# WTB: $1100 for Racycle, Iver, or Pierce Suspension Fork



## carlitos60 (Mar 4, 2015)

Still!! Looking!! 

I'm Offering Up To: $1100+- for Racycle, Iver, or Pierce Suspension Fork!!
It Would Depend on Which Fork and Condition!!












PMs Please!!!

Thanks!


----------



## apple krate (Mar 4, 2015)

I have one for sale. Im not sure if its the year you are looking for though. message me


----------



## carlitos60 (Mar 4, 2015)

apple krate said:


> I have one for sale. Im not sure if its the year you are looking for though. message me




Become a Member or email Me Pics:  c-martin-2@hotmail.com


----------



## Wheeled Relics (Mar 4, 2015)

There was one on eBay a while back for $1500.


----------



## apple krate (Mar 4, 2015)

i emailed you


----------



## Freqman1 (Mar 4, 2015)

apple krate said:


> i emailed you




Scam alert--this is Kratekid63. If you send any money to this person you will lose it. V/r Shawn


----------



## Wheeled Relics (Mar 4, 2015)

Honesty, can't buy it, and you can't pay for it. Mysterious honesty, where do you come from?


----------



## carlitos60 (Mar 5, 2015)

Freqman1 said:


> Scam alert--this is Kratekid63. If you send any money to this person you will lose it.
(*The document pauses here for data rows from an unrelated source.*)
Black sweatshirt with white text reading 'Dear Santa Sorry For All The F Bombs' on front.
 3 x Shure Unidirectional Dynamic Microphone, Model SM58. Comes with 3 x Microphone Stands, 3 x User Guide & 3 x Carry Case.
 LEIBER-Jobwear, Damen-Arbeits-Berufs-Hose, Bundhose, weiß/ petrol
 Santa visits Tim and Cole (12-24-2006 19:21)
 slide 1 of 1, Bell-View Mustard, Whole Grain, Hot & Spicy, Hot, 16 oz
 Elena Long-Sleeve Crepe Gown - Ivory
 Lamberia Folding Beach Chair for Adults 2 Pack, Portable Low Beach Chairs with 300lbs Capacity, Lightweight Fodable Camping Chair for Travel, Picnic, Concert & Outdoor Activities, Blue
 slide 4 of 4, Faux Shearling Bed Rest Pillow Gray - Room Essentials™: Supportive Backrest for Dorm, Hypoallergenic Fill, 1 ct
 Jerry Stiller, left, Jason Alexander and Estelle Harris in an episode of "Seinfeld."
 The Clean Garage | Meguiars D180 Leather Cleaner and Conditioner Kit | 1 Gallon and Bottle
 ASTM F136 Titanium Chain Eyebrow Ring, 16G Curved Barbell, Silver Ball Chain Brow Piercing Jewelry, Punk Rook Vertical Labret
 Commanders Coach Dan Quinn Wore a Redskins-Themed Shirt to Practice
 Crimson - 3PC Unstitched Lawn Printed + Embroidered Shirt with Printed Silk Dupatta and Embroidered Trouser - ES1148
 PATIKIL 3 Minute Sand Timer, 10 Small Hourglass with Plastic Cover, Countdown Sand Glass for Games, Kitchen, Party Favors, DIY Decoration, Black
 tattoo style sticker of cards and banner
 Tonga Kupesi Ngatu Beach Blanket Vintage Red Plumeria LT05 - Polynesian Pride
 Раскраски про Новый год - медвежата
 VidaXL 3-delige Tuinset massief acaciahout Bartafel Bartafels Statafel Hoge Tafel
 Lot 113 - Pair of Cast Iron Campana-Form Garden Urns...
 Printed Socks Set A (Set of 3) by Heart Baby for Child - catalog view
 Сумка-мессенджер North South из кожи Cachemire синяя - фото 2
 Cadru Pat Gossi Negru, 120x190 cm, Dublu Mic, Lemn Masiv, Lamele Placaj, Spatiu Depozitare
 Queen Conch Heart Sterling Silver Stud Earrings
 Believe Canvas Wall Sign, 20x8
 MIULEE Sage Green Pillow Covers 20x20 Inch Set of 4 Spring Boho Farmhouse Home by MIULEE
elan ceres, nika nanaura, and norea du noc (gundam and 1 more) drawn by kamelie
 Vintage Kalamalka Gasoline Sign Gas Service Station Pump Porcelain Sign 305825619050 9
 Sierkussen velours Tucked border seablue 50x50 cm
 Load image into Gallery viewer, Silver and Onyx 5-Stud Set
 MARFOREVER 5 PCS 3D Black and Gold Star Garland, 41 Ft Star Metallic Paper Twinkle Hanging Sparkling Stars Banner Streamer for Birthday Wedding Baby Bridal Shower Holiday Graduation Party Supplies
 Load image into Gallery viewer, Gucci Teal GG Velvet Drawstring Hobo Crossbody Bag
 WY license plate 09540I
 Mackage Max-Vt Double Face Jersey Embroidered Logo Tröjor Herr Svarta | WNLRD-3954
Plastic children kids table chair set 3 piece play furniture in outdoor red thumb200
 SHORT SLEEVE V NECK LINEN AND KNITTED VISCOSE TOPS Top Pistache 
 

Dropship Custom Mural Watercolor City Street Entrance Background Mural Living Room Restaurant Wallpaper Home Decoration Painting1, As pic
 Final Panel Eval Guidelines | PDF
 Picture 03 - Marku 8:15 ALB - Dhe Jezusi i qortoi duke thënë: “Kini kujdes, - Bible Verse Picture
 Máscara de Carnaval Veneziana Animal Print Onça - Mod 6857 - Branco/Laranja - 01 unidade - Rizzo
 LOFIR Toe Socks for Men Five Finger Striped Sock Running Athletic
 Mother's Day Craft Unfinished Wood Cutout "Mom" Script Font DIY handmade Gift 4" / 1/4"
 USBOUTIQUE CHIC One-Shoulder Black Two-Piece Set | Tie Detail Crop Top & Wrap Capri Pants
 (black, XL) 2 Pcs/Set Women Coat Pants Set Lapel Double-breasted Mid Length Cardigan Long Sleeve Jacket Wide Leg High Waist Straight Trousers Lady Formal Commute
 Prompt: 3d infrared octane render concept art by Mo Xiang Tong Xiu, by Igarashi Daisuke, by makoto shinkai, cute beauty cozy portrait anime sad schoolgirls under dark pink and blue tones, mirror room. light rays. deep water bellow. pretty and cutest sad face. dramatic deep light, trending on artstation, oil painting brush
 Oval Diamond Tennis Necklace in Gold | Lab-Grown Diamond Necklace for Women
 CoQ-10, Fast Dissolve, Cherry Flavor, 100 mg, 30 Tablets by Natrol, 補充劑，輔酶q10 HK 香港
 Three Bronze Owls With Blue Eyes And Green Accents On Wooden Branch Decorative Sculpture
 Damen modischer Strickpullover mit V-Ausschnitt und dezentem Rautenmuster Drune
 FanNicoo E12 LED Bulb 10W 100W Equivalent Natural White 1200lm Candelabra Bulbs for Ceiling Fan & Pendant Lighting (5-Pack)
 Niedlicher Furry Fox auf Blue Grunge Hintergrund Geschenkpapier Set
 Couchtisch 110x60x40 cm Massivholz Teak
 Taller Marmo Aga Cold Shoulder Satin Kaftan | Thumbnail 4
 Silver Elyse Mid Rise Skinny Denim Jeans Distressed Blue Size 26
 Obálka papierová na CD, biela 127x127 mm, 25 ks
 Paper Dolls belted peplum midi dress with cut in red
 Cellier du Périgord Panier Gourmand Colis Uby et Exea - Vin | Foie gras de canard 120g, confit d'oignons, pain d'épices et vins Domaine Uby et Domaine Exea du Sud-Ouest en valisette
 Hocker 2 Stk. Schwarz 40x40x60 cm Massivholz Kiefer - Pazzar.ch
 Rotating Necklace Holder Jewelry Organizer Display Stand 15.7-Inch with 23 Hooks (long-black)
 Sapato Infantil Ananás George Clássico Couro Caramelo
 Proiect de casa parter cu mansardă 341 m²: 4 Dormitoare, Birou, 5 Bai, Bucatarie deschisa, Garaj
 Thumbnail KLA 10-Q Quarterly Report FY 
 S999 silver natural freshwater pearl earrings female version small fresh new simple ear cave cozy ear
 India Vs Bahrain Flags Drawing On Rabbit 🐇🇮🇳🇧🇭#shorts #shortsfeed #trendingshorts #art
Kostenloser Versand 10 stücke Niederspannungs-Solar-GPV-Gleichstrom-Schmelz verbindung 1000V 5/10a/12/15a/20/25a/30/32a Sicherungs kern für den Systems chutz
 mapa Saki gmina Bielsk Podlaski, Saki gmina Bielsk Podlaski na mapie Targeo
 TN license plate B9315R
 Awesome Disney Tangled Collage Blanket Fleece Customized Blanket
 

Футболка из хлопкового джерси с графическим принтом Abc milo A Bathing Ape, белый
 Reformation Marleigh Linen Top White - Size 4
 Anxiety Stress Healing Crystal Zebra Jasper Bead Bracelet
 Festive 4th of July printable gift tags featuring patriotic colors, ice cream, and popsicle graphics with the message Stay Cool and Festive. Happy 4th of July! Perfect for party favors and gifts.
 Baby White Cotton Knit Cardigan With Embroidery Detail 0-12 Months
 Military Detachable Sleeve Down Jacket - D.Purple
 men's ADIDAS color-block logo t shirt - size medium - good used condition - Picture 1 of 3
V/r Shawn




Thanks for the Look Out, Shawn!!!!
He is a Scammer!!!

I'm Still Looking for the Forks!!!!

Thanks!


----------



## carlitos60 (Mar 13, 2015)

I'm Seriously Still Looking!!
Someone Has One of Those,,,,Please, Let It Go!!!

Trades Considered Also!!


----------



## carlitos60 (Mar 20, 2015)

*$1250 Paypal!!!*



carlitos60 said:


> I'm Seriously Still Looking!!
> Someone Has One of Those,,,,Please, Let It Go!!!
> 
> Trades Considered Also!!




$1250 Paypal!!!

Last Chance to Make Some Cash!!


----------



## carlitos60 (May 30, 2015)

carlitos60 said:


> I'm Seriously Still Looking!!
> Someone Has One of Those,,,,Please, Let It Go!!!
> 
> Trades Considered Also!!




Help Out!!!!


----------



## omwmike (Jun 3, 2015)

I thought Mike Cates had one for sale?


----------



## Wheeled Relics (Jun 3, 2015)

I found johnnybentwrenche's new online hang out : 

http://www.ebay.com/itm/Antique-Rac...Wood-Wheel-Bike-prewar-bike-TOC-/191593914823


----------



## carlitos60 (Jun 3, 2015)

omwmike said:


> I thought Mike Cates had one for sale?




I Offered $850 for the Pierce Fork, But No Luck!!!
I Really Want the Iver Johnson 4 Legs Model Like the One LowLux Has, and Don't Want to Let Go for $1250!!


----------



## Freqman1 (Jun 3, 2015)

Thats a chunk of change but if you want to have a killer Iver where ya gonna find another? V/r Shawn


----------



## carlitos60 (Jun 6, 2015)

Freqman1 said:


> Thats a chunk of change but if you want to have a killer Iver where ya gonna find another? V/r Shawn




I'm "OUT"!!!
People are Just Hoarding Hoping for an Early Retirement SALE!!!
Or Just Plain Don't Want Me to Have One!!!
Same Crap with the Skylark Rack!!


----------